Bobi Wine, whose real name is Robert Kyagulanyi Ssentamu, was a presidential candidate in the 2021 Ugandan elections and leads Uganda’s main opposition party, the National Unity Platform (NUP) . The former singer is one of the most celebrated musicians in East Africa. His songs advocating for political change and people power gave him fame among the youth and paved his way into politics. He won the 2017 Parliamentary elections for the Kyadondo East constituency becoming Member of the current Parliament. In June 2019, Bobi Wine announced his candidacy for the 2021 Ugandan presidential election. On January 16th 2021, the electoral commission announced that the incumbent Yoweri Museveni had won reelection with 58,6% of the vote. Wine refuses to accept the results, claiming that the election was the most fraudulent in Uganda’s history.
International media and human rights organisations are reporting of ongoing abductions by suspected state agents and unlawful detention without trial of opposition supporters. A month ago, Bobi Wine’s party published a list of more than 400 supporters who were claimed to be still missing or had been released after being abducted, with some showing signs of torture. Wine and his supporters have repeatedly been placed on house arrest.
In conversation with GPI, Bobi Wine discusses the situation in Uganda, his hopes for change and the role of the international community.
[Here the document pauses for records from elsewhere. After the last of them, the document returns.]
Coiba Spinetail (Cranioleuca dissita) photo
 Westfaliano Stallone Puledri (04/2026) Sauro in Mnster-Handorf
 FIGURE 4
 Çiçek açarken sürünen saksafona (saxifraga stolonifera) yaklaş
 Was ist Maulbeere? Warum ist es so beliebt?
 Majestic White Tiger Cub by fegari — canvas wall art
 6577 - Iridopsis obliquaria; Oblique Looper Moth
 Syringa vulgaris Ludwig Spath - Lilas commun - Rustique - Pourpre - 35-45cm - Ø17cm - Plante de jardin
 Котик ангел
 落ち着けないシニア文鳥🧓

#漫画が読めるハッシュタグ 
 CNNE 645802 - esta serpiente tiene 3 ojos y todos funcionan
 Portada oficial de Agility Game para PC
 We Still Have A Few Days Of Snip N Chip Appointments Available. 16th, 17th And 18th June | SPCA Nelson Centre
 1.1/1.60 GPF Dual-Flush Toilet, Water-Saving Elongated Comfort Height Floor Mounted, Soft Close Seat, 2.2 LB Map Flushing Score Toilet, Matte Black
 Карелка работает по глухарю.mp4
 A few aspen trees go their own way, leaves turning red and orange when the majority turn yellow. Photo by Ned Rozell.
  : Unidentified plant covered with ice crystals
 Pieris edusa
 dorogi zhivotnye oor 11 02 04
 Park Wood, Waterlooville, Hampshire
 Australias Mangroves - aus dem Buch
In the Ugandan presidential elections 2021, the committee declared the ruling President Museveni the winners. The President’s political opponent Bobi Wine and his party discovered discrepancies at various polling stations, and claims: “We won the election. We have evidence.” The evidence was blocked by the Supreme Court of Uganda, because “the Chief Justice of Uganda is clearly in collaboration with the president”, states Bobi Wine. As international observers were blocked from the Ugandan elections, Wine and his supporters are now calling for an international team to audit the election, so that the country can turn to the “democratic line”. By doing so, he also takes into account the European Union and the international community to respect and stand up for shared values, the principles of democracy and the rule of law: “When the EU is true to those values, they will not be working with a renowned dictator [General Museveni]“. Bobi Wine asks the world to keep their eyes on Uganda.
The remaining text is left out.